Recent Observations: M33 Triangulum Galaxy




Messier’s 33’rd object is the Triangulum Galaxy, one of our local group of Galaxies. It is a separate galaxy, outside the Milky Way and just a bit farther out than Andromeda. There are a few others in our local group, including the Magellanic Clouds which are unfortunately too far south to observe in Canada. Of the local group the Triangulum Galaxy is third in size after our own Milky Way and Andromeda.


There are observers who claim to be able to see this galaxy with the “naked eye”… if so then it is the most distant object in the universe so observable. For me it is definitely not visible, so Andromeda is the most distant object I can see without visual aids. With a telescope it is very big and very bright.

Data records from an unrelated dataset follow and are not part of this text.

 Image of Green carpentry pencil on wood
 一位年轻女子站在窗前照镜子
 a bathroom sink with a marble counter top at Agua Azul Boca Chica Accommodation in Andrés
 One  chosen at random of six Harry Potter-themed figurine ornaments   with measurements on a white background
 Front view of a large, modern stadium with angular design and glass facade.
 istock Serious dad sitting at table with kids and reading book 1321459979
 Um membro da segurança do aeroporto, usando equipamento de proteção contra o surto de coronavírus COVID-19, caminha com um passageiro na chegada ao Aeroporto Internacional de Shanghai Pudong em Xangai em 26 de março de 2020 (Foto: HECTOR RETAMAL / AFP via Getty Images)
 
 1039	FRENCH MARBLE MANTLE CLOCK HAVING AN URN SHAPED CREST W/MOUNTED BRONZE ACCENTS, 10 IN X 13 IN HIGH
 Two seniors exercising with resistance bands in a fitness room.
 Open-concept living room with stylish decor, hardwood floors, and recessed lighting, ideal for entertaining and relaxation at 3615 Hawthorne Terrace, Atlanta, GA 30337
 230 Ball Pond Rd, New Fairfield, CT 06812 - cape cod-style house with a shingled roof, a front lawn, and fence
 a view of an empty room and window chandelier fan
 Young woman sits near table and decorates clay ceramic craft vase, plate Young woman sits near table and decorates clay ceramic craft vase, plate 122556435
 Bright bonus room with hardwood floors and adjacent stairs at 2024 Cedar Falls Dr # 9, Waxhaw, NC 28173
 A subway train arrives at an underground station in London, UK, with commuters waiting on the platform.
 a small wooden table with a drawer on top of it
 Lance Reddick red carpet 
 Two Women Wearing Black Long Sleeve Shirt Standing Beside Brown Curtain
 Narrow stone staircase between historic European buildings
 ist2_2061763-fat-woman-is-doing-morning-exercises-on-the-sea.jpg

M33 is in the constellation of Triangulum, a small region of our northern sky. According to Wikipedia it may have been discovered before 1654 by the Italian priest and astronomer Giovanni Battista Hodierna. It was subsequently rediscovered by Charles Messier in 1764 and catalogued again by William Herschel in 1784. In 1850 Lord Rosse noted that it had a spiral pattern, one of the first such objects identified. Rosse was probably using his “leviathan” telescope. In the 20’th century it played a role in proving the existence of galaxies because variable stars could be observed in its spiral arms (work of Professor Hubble).


The telescope was invented by folks in the Netherlands in 1608 and Galileo got his hands on one by 1609. I don’t know much about our priestly friend Hodierna, but he is known to have used microscopes and therefore almost certainly had a telescope in his hands when he discovered this galaxy some time before 1654.


This galaxy is very interesting because it has a fine spiral pattern and has a very large apparent size (like Andromeda). This makes it very easy to image (roughly one degree across, bigger than our moon) and allows us to capture many individual stars and nebulae within the galaxy. I find that the red star formation regions are more discernable in this galaxy than any other. It has around 40 billion stars and is 3 billion light years away.


I have an excellent image of this galaxy from two years ago, so nice that I made my first high quality print of it. This image shows some evolution of my astronomical work, in that the stars are sharper and the colours are much stronger. My previous (excellent) image is nearly black & white with a few tiny red regions. This one is … stellar… in my opinion.


This image was observed from the Lac Teeples observatory on a few different nights in August and September 2022. It combines RGB channels from a one-shot colour camera (3 hours or so) with narrowband Hydrogen-alpha (45 min) imaging. The blue channel was processed separately to create a Luminosity channel. RASA11, ZWO ASI6200 MC and MM Cameras.